Yang Tidak Diundang dan yang Tak Teringat

Rico menatap layar ponselnya, jemarinya dengan cepat menggeser galeri foto. “Gue rasa jas navy lebih cocok daripada hitam klasik,” katanya sambil menunjukkan foto ke Dika, co-founder sekaligus sahabatnya.

“Lo kan tech founder, justru harus beda dari eksekutif lawas,” balas Dika sambil menyesap espresso-nya. “Pesta pernikahannya anak William Lo sama putrinya Gunawan Hartono, bro. Semua orang penting bakal hadir.”

Sore itu, mereka duduk di kafe bergaya industrial di kawasan SCBD. Cangkir kopi di meja masih mengepul, sementara keduanya sibuk membahas agenda akhir pekan—undangan pernikahan anak konglomerat properti dan ritel terbesar di Indonesia.

“Gue denger C-level executives dari Hartono Group sama Astra juga bakal dateng,” ujar Dika sambil mengedipkan mata. “Siapa tahu bisa pitching pas berpapasan nanti.”

Rico tertawa. “Ngejar klien korporasi di nikahan orang? Desperate amat.”

“Bisnis kita butuh land big clients buat scaling, bro. Mau gimana lagi?”

Perusahaan mereka, TechVenture, masuk tahun kelima dengan pertumbuhan yang menjanjikan. Sebagai IT consultant company, mereka membantu perusahaan dalam membuat produk teknologi yang dibutuhkan. Beberapa perusahaan menengah sudah menjadi klien tetap. Tapi untuk benar-benar scale up, mereka butuh klien korporasi besar yang bisa jadi referensi dan bawa recurring revenue signifikan.

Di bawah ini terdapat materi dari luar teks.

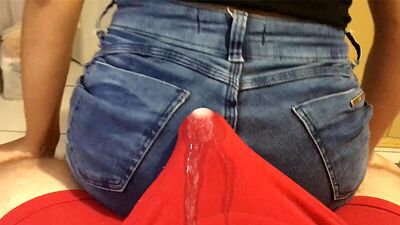 Сухое трахание в джинсовых шортах заставило его кончить в штаны во время приватного танца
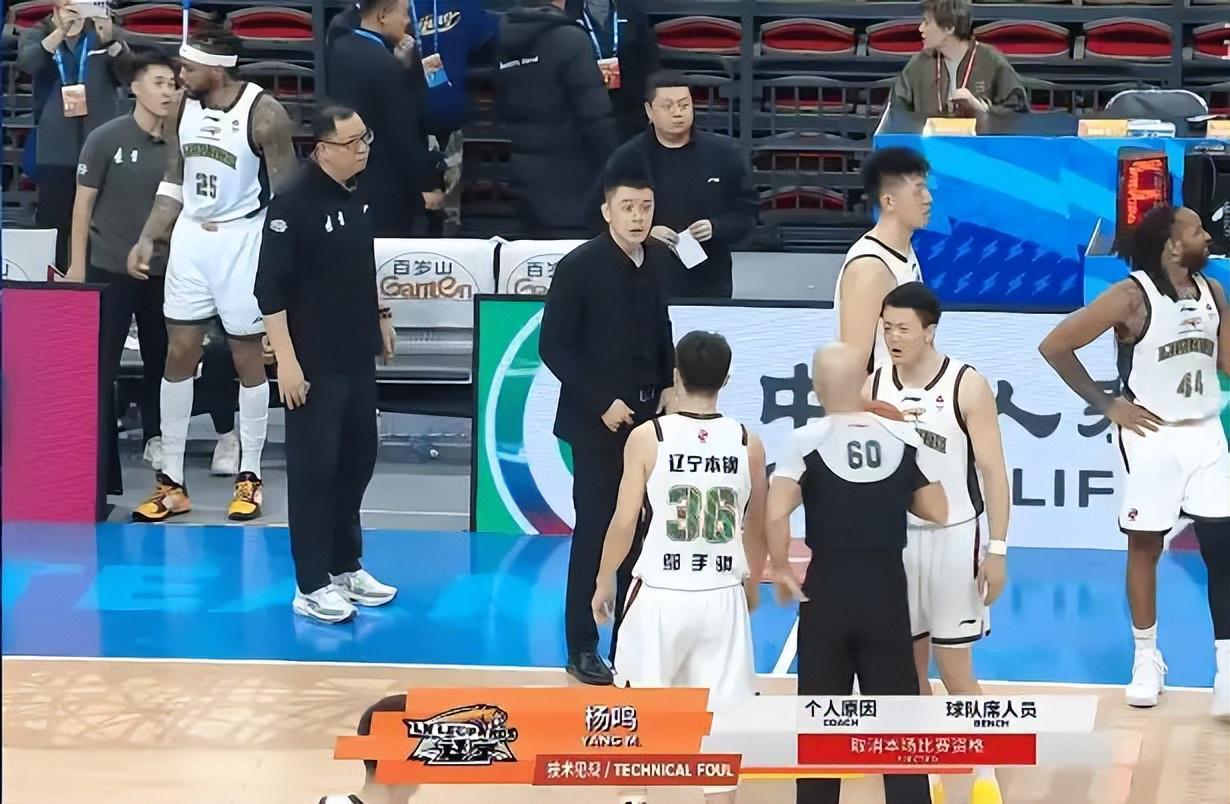 CBA裁判闹大笑话!连吹3技犯+驱逐杨鸣,5次罚球却让北京罚了6个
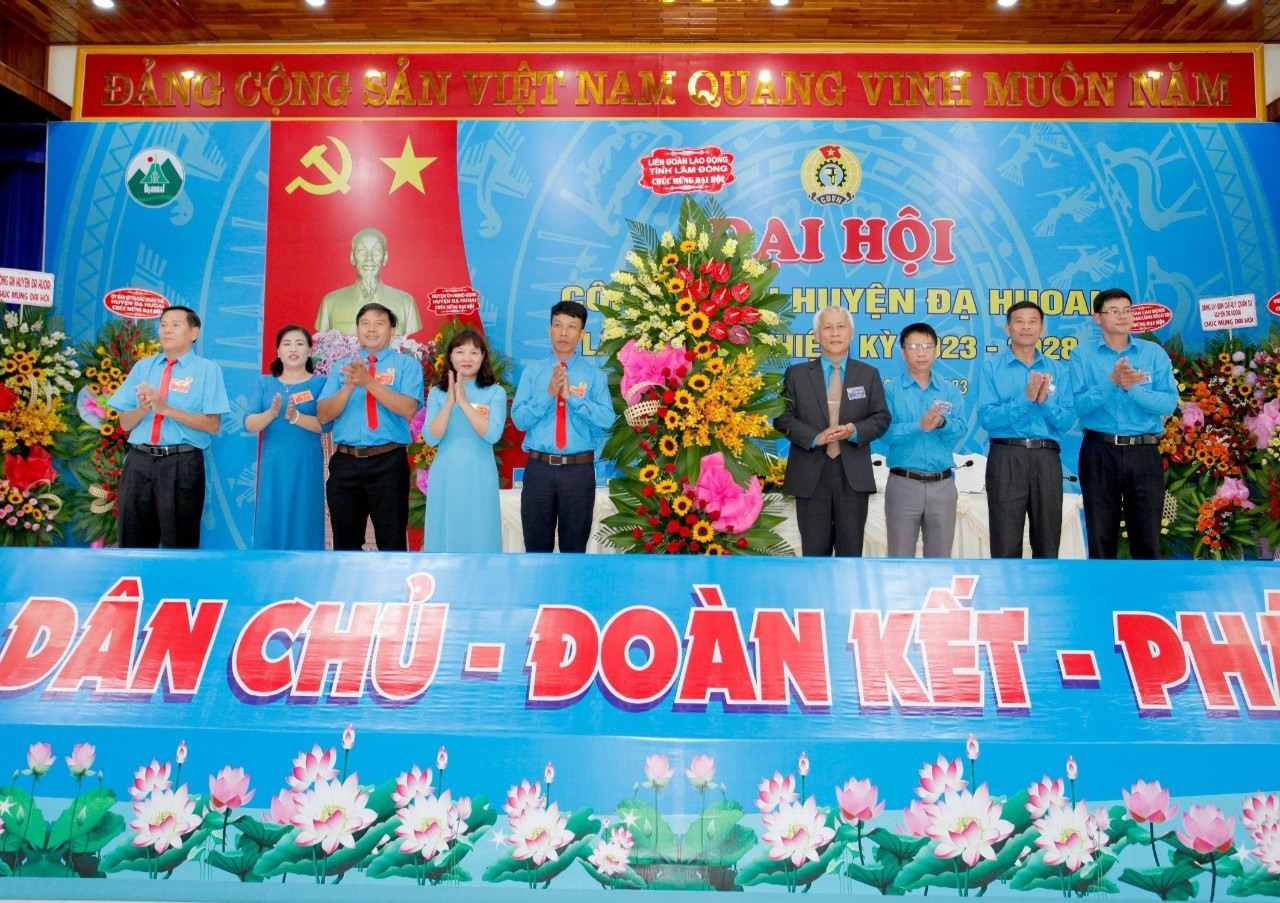 Lãnh đạo LĐLĐ tỉnh Lâm Đồng tặng hoa, chúc mừng Đại hội. Ảnh: Thúy Vân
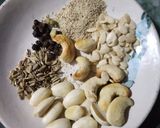 A picture of step 1 of Thandai Phirni.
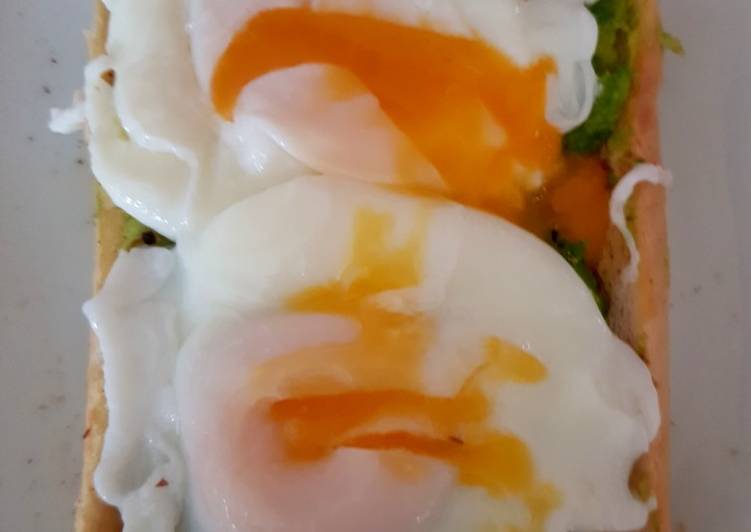 How to Make Ultimate My Poached Eggs &amp; Avocado on Toast. 💜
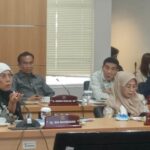 Politisi PDIP di DPRD DKI, Ida Mahmudah saat melakukan interupsi di rapat Komisi D.(Foto Sofian/ipol.id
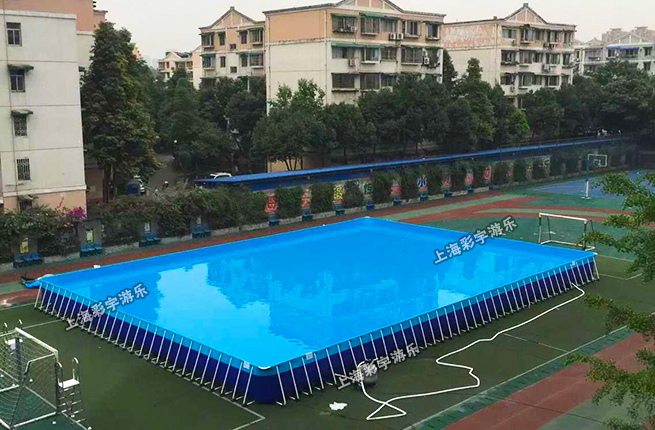支架游泳池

Saat menggeser galeri untuk mencari referensi jas, jemarinya terhenti pada sebuah gambar undangan dari chat WhatsApp yang belum terbaca. Pesan dari Pak Darto, office boy di kantornya, tertanggal tiga minggu lalu.

“Mas Rico, minggu depan saya nikahin anak saya. Kalau sempat, saya undang ke rumah sederhana kami ya. Doakan ya Mas.”

Rico terdiam. Sensasi tidak enak menjalar di dadanya. Ia bahkan tidak membalas pesan itu.

“Kenapa?” tanya Dika, menyadari perubahan ekspresi temannya.

“Nggak,” jawab Rico singkat. Tapi pikirannya berlari ke belakang.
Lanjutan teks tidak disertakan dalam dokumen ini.